Si traigo a colación este recuerdo es a causa de la actual guerra europea que se ha desatado en Ucrania. Tema que viene siendo de mucho seguimiento informativo desde hace seis meses, como es fácil de comprobar. Se trata de una nueva guerra en Europa, y que lamentablemente es probable que se prolongue. Por si pocas guerras hubiéramos tenido en los tramos del siglo XX y del XXI que llevamos recorridos: dos guerras mundiales, recidivos conflictos en los Balcanes y ¡ahora, Ucrania! De una parte, porque la oligarquía gobernante de la Federación Rusa, con Vladimir Putin al frente, ha venido a considerar que Ucrania, vecino territorial y miembro de la extinta Unión de Repúblicas Socialistas Soviéticas (1917-1991), es para Moscú un incómodo vecino fronterizo, permeable a los avances geopolíticos de la OTAN. Y bien sabemos que la ley del más fuerte suele ser, desde hace milenios, un imperativo ineludible en el escenario de las relaciones internacionales desde la noche de los tiempos.
Ahora bien, no seríamos equitativos si nos olvidáramos de evocar, aquí y ahora, que −luego de concluida la larga Guerra Fría (1947-1990) que se produjo entre los bloques americano-europeo occidental, de una parte, y soviético-euroasiático, de otra− los “rencores” y las brasas de aquella época no han desaparecido todavía. Ni la “santa” Rusia, ni el “exitoso” orbe de los Estados Unidos de América ni las potencias afectas a su papel dominante desde finales de la Segunda Guerra Mundial han encontrado, al final de la Guerra Fría, la fórmula de conllevanza prometedora y obligada que convinieron a partir de 1991 la majestuosa fortaleza del Kremlin y la siempre inmaculada Casa Blanca sita en Washington DC.
Las pulsiones que mueven históricamente a los imperios clásicos (Roma versus Cartago, la Macedonia alejandrina versus la Persia sasánida…) duraron lapsos temporalmente muy prolongados, antes de que culminaran sus definitivas extinciones imperiales.
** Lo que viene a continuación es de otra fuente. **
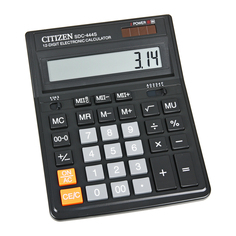 Калькулятор Citizen SDC-444S Black - двойное питание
Como se ha podido comprobar, de nuevo, a lo largo de los últimos seis meses que han convertido a la Ucrania contemporánea en el escenario de una nueva fragmentación de Europa, el obstinado y obsesivo recelo de Estados Unidos y sus agencias hacia la Rusia exsoviética y, a lo que parece, la perturbadora nostalgia ruso-moscovita por aspirar a ser un indiscutible “hegemon” en las relaciones internacionales de hoy, dan a ambas partes la impresión de que las dos superpotencias de marras no han disparado todavía todos los cartuchos que les quedan en la recámaras de sus pelotones de fusilamiento.
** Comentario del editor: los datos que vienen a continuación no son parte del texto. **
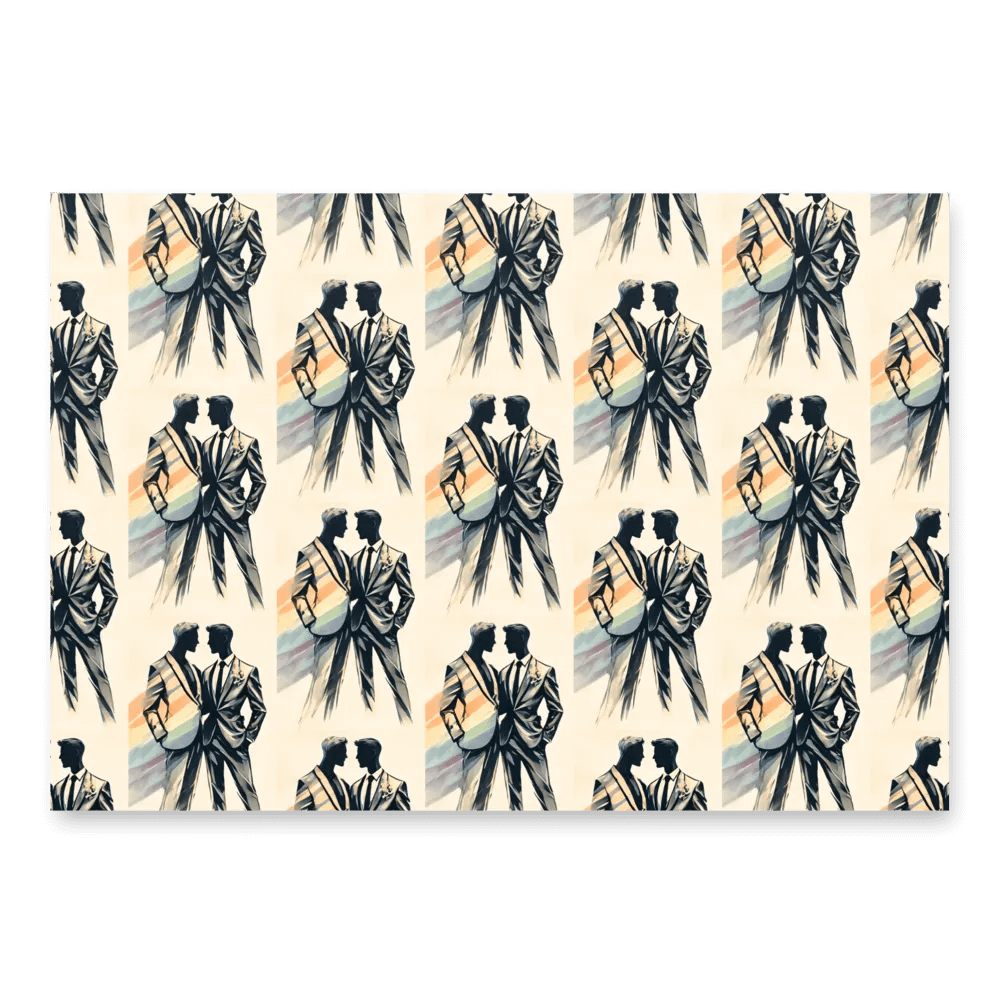 Elegant Pride Partners Wrapping Paper Set product image (3)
Para cerrar las pocas líneas de esta semblanza consagrada al antagonismo entre potencias de naturaleza imperialista, habría que recordar −y casi de oficio− la amenaza nuclear que se cierne hoy día sobre el planeta Tierra, en caso de que las pulsiones destructivas venzan a las del entendimiento diplomático entre intereses encontrados de potencias incorregibles.